One of the perverse things about geodata is that you can have too much of a good thing. And this seems to unfortunately often be the case with open geodata, where well intended contributors take the approach of making as much information as possible available. 

What do I mean? Well let’s take the example of our office here in London. If you search for “Lokku” (our parent company name) in OpenStreetMap (via Nominatim) you get back structured data like this

"components" : {
    "city" : "London Borough of Islington",
    "country" : "United Kingdom",
    "country_code" : "gb",
    "county" : "London",
    "house" : "Lokku Ltd",
    "house_number" : 82,
    "postcode" : "EC1M 5RF",
    "road" : "Clerkenwell Road",
    "state" : "England",
    "state_district" : "Greater London",
    "suburb" : "Clerkenwell"
},

All of that is perfectly correct. We are in England and we are in the London Borough of Islington. But if you show all of that to a normal person, it is too much and not what they are expecting. Here’s what you see when you search for Lokku on OpenStreetMap.org

image

The consumer expectation though is likely a well formatted address like ”Lokku Ltd, 82 Clerkenwell Road, London EC1M 5RF, United Kingdom”, as UK addresses don’t contain the borough (and even if they did, everyone just refers to it as Islington, not the “London Borough of Islington”).

But please don’t think OpenStreetMap is the only one doing this sub-optimally.

Here’s an example I talked about recently in my #APIconUK talk. This summer I spent some time in Berlin (and I’m looking forward to heading back for wherecamp.de in a few weeks). For those who don’t know, Berlin is both a city and Bundesland (ie state). Whenever I used twitter it would specify the location as “Berlin, Berlin”, obviously using a “city, state” template for their locations. 

image

“Berlin, Berlin” is technically correct in some theoretical sense, but stylistically it is wrong. It’s the type of little detail that makes a digital service feel clunky and non-local. One other thing to note about this example is that we are not dealing with a full “correct” postal address. In this case it is just a city name. 

So what can we do about this? These two examples are obvious to me because life experience has taught me what the optimal answer is. But how can our geocoder know the right answer and share it with the requestor? For the past few days we’ve been working on a solution.

I’m pleased to announce a new open source project we’ve just released: address-formatting is a set of programming language independent templates that specify rules for how to correctly format addresses and placenames. We’ve also separately released our code for parsing the templates (we use perl) and creating the formatted value in our gecoder results. It is live now in our geocoder for some countries, you can test it on the demo page. In the coming days we’ll be adding the correct formatting for more and more countries.
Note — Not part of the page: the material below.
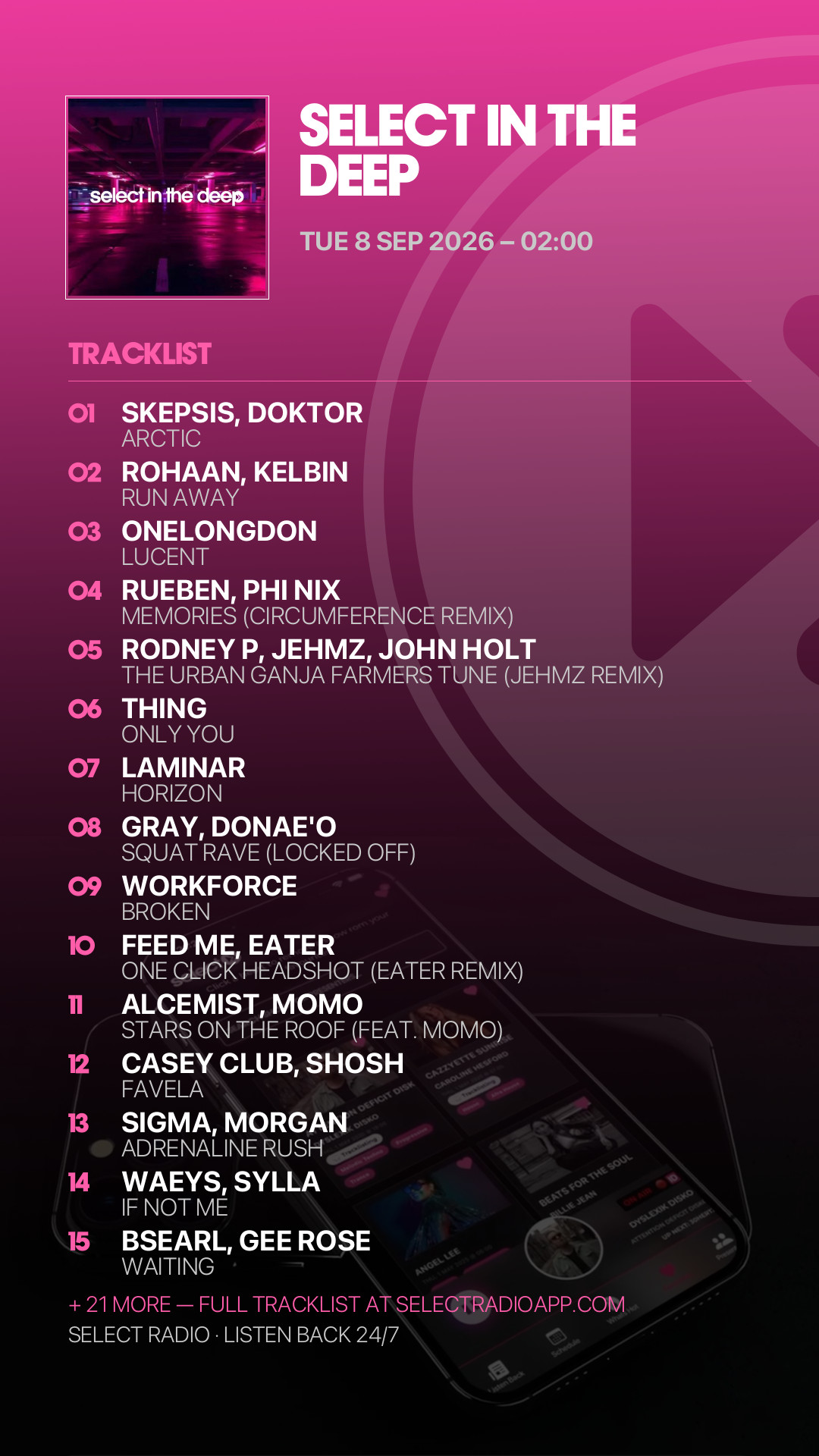 Tracklist Story Preview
But of course we’re not experts in each country or territory or script style, we would very much welcome your contributions.
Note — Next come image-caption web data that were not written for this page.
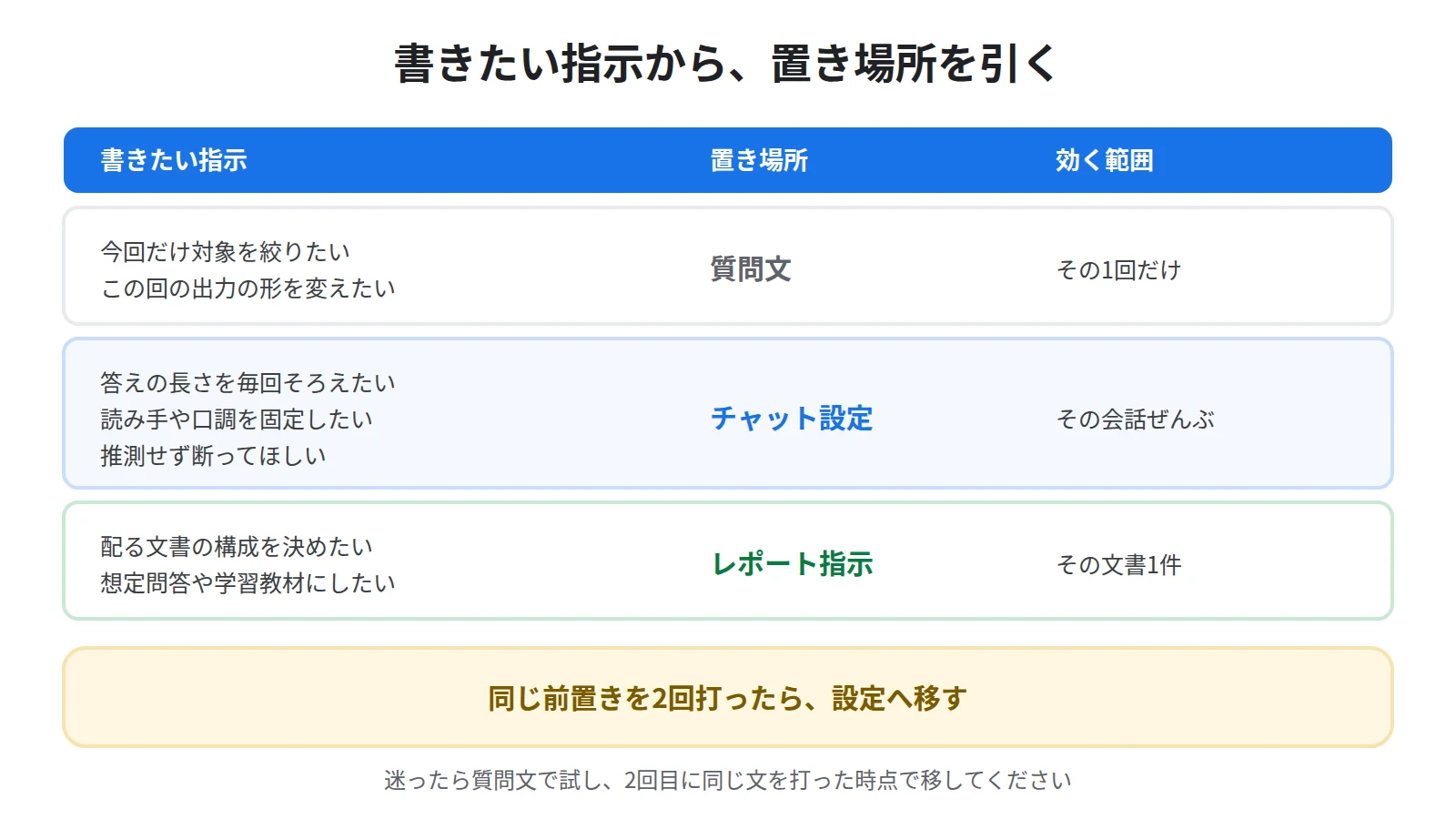 3か所の使い分け。1回だけ使う条件は質問文、会話中ずっと効かせたい条件はチャット設定、書き出す文書の構成はレポートの指示文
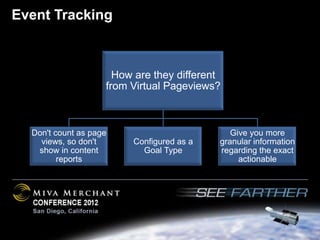 Event Tracking



                      How are they different
                    from Virtual Pageviews?



  Don't count as page                         Give you more
    views, so don't      Configured as a   granular information
   show in content         Goal Type       regarding the exact
         reports                                actionable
We’d love to see more parsers written in other programming languages, please let us know if you do. The templates are in the widely used Mustache format

We see this problem all over the place - if you live in the UK you get used to seeing US designed software mangle UK addresses (as an aside, no I don’t have fucking zipcode), and we think a collaborative crowd-sourced approach is the best way to solve it.

Together we can address the world!

yours in good looking, opensource-made, addresses

Ed, written from 82 Clerkenwell Road, London EC1M 5RF, United Kingdom

One final note, if all of this makes you think addresses are just to much effort, we recently introduced what3word annotations, a technology that let’s you do away with addresses.